About a year ago, I happened upon this statement about the Monitor in the Harvard Business Review – under the charming heading of “do things that don’t interest you”:

“Many things that end up” being meaningful, writes social scientist Joseph Grenny, “have come from conference workshops, articles, or online videos that began as a chore and ended with an insight. My work in Kenya, for example, was heavily influenced by a Christian Science Monitor article I had forced myself to read 10 years earlier. Sometimes, we call things ‘boring’ simply because they lie outside the box we are currently in.”

If you were to come up with a punchline to a joke about the Monitor, that would probably be it.
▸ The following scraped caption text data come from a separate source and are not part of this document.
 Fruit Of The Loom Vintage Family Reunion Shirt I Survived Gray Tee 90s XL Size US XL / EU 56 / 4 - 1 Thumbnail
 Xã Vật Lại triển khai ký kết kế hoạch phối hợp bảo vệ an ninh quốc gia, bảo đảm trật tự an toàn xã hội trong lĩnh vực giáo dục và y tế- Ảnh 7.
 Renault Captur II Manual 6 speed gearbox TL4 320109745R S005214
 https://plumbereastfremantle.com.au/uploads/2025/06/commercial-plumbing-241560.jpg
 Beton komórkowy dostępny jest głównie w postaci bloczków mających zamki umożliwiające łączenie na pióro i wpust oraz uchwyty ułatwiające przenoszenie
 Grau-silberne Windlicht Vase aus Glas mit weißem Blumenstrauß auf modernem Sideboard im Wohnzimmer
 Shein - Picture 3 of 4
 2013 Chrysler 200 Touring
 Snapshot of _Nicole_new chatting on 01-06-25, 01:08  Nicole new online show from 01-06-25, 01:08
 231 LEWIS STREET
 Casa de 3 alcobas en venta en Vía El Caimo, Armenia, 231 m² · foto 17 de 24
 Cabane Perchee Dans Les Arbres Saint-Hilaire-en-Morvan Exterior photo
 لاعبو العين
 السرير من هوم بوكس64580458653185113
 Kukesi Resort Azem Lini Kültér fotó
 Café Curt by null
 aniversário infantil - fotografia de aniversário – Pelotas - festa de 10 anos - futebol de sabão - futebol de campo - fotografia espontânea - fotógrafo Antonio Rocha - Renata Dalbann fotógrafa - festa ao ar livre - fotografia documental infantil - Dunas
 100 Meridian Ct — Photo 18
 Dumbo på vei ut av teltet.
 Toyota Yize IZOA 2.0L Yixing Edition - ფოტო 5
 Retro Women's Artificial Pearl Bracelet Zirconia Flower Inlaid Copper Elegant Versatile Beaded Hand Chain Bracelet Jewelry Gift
We’re seen as being global, fair, insightful, and perhaps a bit too earnest. We’re the bran muffin of journalism.

But you know what? We change lives. And I’m going to argue that we change lives precisely because we force open that too-small box that most human beings think they live in.

The Monitor is a peculiar little publication that’s hard for the world to figure out. We’re run by a church, but we’re not only for church members and we’re not about converting people. We’re known as being fair even as the world becomes as polarized as at any time since the newspaper’s founding in 1908.

We have a mission beyond circulation, we want to bridge divides. We’re about kicking down the door of thought everywhere and saying, “You are bigger and more capable than you realize. And we can prove it.”